Finally, \texttt{\footnotesize switch\_to\_native\_restore\_context()}
is called to restore the state that existed before PTLsim was injected
into the process and return to the dynamic linker entry point. This
may involve switching from 64-bit back to 32-bit mode to start executing
the user process natively as discussed in Section \ref{sec:Injection}.

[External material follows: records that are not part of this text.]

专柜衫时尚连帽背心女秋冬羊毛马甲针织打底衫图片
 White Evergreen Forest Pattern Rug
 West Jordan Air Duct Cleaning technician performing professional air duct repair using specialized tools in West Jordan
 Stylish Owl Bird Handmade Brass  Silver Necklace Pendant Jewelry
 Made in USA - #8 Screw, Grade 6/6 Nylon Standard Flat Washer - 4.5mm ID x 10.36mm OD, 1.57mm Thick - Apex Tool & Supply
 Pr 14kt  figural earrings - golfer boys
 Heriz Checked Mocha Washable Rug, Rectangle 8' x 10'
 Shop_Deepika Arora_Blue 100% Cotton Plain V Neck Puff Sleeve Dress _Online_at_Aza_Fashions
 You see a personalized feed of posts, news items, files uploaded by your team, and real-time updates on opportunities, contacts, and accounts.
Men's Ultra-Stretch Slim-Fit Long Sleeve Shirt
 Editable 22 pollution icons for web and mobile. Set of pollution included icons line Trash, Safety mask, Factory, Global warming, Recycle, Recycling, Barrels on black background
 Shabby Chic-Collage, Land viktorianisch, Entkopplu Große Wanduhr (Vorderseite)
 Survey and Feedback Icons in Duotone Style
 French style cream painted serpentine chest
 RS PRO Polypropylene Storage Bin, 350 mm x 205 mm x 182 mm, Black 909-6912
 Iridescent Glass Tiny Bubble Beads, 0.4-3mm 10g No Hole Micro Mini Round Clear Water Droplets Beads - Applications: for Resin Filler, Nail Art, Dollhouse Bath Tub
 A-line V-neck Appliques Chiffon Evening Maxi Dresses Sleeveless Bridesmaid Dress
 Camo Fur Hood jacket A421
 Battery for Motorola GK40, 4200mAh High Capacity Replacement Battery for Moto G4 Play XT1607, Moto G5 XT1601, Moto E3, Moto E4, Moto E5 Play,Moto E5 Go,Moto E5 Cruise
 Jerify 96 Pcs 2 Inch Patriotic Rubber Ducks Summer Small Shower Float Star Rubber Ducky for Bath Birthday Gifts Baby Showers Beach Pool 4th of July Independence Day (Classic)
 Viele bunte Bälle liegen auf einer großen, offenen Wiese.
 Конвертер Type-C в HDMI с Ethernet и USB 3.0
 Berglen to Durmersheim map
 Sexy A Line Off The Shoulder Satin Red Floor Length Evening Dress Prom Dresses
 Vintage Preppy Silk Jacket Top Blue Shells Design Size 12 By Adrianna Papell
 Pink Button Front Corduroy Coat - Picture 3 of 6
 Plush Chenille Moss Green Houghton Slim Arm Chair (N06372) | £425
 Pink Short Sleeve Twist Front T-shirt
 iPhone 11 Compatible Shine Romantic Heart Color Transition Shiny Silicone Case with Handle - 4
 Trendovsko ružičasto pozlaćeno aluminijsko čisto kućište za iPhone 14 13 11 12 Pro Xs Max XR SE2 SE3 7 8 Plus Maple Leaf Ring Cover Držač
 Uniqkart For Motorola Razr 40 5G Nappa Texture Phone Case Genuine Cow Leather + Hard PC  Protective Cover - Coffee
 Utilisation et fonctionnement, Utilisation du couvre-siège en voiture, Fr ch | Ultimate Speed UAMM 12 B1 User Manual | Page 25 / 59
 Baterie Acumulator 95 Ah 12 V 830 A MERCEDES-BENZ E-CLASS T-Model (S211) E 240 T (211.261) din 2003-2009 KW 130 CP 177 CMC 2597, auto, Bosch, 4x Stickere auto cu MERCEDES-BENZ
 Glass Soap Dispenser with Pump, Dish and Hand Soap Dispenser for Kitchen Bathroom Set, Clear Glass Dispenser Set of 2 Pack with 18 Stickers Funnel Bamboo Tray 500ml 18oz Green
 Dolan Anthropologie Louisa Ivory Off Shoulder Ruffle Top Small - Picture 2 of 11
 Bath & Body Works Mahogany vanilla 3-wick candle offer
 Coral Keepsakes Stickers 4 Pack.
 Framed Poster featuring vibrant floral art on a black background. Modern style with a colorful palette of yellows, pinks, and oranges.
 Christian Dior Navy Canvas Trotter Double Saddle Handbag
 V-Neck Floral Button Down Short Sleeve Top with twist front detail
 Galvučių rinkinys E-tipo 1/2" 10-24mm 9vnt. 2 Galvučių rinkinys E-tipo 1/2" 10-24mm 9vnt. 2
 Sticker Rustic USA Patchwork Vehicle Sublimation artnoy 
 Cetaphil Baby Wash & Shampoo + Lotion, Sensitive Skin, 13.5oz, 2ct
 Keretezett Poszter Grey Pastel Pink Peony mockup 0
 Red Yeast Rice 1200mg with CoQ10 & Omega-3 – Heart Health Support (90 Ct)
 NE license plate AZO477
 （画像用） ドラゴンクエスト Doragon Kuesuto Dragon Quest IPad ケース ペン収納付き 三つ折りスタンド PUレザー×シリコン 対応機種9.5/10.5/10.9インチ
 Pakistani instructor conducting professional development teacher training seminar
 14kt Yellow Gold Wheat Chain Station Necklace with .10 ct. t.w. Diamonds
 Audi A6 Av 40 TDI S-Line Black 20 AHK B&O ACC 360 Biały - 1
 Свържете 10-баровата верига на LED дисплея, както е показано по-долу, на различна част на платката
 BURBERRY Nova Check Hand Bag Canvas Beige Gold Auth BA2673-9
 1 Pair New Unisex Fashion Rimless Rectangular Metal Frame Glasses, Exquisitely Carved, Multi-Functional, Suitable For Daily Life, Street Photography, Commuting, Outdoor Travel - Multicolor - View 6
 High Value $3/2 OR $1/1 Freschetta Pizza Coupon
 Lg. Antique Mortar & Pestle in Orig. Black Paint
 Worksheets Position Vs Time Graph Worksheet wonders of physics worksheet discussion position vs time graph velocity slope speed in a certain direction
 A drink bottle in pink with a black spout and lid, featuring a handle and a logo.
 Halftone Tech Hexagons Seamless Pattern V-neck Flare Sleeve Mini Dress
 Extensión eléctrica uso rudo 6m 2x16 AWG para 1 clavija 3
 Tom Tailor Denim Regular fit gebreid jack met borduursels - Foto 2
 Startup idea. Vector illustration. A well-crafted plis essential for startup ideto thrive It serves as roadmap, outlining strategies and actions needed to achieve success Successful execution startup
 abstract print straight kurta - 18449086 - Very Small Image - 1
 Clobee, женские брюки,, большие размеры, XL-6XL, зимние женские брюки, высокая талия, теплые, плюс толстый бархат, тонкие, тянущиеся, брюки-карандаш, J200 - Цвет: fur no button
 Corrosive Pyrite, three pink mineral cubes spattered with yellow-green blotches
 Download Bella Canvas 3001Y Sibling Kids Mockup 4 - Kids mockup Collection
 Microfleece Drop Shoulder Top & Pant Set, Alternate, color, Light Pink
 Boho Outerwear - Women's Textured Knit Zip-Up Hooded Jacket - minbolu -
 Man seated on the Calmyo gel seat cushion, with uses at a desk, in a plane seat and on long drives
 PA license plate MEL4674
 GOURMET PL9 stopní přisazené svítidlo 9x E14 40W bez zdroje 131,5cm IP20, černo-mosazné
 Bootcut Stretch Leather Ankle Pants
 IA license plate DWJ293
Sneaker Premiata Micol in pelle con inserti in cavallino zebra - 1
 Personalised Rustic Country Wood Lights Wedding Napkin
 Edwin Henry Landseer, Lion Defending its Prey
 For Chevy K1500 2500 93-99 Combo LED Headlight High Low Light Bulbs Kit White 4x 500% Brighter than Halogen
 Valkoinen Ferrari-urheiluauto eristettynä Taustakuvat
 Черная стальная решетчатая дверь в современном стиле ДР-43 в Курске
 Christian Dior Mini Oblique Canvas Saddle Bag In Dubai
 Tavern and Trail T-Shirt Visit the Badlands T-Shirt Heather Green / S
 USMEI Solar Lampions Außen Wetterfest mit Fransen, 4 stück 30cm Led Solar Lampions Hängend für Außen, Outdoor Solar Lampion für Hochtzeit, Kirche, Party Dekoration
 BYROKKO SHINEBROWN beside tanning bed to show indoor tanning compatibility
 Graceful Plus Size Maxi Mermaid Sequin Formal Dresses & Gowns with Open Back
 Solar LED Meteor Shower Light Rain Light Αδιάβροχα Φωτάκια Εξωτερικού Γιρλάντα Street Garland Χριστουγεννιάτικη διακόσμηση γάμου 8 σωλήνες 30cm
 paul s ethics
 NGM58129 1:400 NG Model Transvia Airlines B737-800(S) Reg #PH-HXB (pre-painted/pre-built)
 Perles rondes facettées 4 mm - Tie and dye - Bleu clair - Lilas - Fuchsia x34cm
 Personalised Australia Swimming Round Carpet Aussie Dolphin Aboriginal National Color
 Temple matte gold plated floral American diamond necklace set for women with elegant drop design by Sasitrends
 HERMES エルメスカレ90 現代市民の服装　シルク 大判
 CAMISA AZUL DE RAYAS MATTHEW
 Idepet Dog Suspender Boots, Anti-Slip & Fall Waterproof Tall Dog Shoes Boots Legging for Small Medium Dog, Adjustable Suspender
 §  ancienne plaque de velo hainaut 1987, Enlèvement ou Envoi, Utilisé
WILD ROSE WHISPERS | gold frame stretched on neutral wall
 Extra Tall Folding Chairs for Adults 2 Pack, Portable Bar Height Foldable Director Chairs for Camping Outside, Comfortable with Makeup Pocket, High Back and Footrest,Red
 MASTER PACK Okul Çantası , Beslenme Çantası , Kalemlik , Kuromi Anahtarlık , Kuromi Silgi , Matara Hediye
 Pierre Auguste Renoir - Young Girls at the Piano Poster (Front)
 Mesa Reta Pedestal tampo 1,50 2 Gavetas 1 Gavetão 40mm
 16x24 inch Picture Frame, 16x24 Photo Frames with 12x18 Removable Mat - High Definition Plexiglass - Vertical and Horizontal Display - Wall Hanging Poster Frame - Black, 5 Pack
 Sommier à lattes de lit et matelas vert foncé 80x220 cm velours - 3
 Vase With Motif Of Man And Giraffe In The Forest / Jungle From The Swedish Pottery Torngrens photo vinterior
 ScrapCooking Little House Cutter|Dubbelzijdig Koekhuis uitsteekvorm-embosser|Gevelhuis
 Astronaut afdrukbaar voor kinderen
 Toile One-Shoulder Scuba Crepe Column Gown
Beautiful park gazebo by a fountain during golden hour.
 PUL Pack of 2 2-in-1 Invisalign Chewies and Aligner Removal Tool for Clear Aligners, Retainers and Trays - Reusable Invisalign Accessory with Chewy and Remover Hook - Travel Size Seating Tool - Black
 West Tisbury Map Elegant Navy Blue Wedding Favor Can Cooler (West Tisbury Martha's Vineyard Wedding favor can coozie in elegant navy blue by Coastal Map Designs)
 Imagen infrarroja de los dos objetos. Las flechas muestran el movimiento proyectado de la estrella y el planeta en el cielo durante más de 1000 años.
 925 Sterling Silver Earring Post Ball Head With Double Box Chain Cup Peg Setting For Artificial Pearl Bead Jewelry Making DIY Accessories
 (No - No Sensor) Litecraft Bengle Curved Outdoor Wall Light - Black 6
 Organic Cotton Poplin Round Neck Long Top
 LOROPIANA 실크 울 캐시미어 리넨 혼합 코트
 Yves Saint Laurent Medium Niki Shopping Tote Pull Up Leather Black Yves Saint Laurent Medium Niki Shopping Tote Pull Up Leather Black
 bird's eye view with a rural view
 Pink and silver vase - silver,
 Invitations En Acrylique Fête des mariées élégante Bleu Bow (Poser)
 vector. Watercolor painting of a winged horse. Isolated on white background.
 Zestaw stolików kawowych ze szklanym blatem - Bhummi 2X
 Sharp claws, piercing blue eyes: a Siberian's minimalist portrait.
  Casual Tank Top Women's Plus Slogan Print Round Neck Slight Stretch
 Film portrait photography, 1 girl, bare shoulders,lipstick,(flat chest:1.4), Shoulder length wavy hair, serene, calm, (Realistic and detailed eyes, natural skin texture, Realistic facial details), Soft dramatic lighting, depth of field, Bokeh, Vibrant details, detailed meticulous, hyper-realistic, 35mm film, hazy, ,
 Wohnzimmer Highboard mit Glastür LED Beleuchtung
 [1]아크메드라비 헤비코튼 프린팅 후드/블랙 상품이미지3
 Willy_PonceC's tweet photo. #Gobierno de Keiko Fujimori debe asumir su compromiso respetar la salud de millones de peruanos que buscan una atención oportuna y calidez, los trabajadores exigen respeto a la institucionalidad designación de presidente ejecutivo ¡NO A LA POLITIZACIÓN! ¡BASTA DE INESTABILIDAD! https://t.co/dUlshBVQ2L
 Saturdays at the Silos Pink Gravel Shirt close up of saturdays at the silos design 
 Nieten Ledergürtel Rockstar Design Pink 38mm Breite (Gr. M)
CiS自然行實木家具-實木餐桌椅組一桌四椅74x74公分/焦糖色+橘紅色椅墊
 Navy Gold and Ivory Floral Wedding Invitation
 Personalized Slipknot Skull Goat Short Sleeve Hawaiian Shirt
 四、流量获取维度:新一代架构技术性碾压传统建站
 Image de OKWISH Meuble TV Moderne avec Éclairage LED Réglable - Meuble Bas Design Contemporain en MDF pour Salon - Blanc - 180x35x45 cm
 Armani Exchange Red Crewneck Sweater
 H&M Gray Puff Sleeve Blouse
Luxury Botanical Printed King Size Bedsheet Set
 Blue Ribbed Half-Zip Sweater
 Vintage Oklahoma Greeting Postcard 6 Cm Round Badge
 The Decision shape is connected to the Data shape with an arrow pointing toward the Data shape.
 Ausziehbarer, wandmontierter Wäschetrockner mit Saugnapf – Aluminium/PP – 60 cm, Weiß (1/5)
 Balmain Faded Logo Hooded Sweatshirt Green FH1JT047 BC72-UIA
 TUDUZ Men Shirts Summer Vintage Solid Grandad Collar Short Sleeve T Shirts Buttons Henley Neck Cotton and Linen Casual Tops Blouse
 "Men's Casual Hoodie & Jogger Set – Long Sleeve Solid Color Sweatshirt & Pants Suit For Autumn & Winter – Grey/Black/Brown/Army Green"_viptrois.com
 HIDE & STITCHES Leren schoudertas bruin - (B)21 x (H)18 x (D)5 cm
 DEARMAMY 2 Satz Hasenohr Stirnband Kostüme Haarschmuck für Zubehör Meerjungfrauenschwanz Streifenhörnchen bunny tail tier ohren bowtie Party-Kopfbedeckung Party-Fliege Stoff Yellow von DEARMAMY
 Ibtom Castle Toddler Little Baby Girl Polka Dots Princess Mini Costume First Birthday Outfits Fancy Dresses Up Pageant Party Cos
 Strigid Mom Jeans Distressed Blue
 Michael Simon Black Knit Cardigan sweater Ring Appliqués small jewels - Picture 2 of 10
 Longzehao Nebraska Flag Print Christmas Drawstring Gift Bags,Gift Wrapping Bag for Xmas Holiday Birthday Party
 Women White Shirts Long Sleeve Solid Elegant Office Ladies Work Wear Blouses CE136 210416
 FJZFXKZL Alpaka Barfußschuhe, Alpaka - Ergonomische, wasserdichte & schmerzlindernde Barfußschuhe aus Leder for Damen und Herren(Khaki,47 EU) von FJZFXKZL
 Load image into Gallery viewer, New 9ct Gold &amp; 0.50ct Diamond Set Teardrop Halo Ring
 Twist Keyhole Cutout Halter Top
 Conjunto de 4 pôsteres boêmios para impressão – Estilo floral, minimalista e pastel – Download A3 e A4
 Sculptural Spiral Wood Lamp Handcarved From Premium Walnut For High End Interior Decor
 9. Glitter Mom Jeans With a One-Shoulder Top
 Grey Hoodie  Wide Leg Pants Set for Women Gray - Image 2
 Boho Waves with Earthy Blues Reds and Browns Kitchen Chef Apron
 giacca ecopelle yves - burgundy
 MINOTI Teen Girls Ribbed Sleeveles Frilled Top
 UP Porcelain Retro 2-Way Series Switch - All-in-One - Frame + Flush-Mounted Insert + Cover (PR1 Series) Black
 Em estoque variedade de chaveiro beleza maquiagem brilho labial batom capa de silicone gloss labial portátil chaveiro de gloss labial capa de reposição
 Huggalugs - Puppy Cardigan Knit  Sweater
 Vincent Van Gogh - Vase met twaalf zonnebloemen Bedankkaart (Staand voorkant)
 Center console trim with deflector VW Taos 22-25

After native execution reaches the inserted breakpoint thunk code,
the code performs a 32-to-64-bit long jump back into PTLsim, which
promptly restores the code underneath the inserted breakpoint thunk.
At this point, the \texttt{\footnotesize switch\_to\_sim()} function
in \texttt{\footnotesize kernel.cpp} is invoked to actually begin
the simulation. This is done by calling \texttt{\footnotesize simulate()}
in \texttt{\footnotesize ptlsim.cpp}.

At some point during simulation, the user program or the configuration
file may request a switch back to native mode for the remainder of
the program. In this case, the \texttt{\footnotesize switch\_to\_native\_restore\_context()}
function gets called to save the statistics data store, map the PTLsim
internal state back to the x86 compatible external state and return
to the 32-bit or 64-bit user code, effectively removing PTLsim from
the loop.

While the real PTLsim user process is running, the original PTLsim
injector process simply waits in the background for the real user
program with PTLsim inside it to terminate, then returns its exit
code.


\section{\label{sec:AddressSpaceSimulation}Address Space Simulation}

PTLsim maintains the \texttt{\footnotesize AddressSpace} class as
global variable \texttt{\footnotesize asp} (see \texttt{\footnotesize kernel.cpp})
to track the attributes of each page within the virtual address space.
When compiled for x86-64 systems, PTLsim uses Shadow Page Access Tables
(SPATs), which are essentially large two-level bitmaps. Since pages
are 4096 bytes in size, each 64 kilobyte chunk of the bitmap can track
2 GB of virtual address space. In each SPAT, each top level array
entry points to a chunk mapping 2 GB, such that with 131072 top level
pointers, the full 48 bit virtual address space can typically be mapped
with under a megabyte of SPAT chunks, assuming the address space is
sparse.

When compiled for 32-bit x86 systems, each SPAT is just a 128 KByte
bitmap, with one bit for each of the 1048576 4 KB pages in the 4 GB
address space.

In the AddressSpace structure, there are separate SPAT tables for
readable pages (\texttt{\footnotesize readmap} field), writable pages
(\texttt{\footnotesize writemap} field) and executable pages (\texttt{\footnotesize execmap}
field). Two additional SPATs, \texttt{\footnotesize dtlbmap} and \texttt{\footnotesize itlbmap},
are used to track which pages are currently mapped by the simulated
translation lookaside buffers (TLBs); this is discussed further in
Section \ref{sec:TranslationLookasideBuffers}.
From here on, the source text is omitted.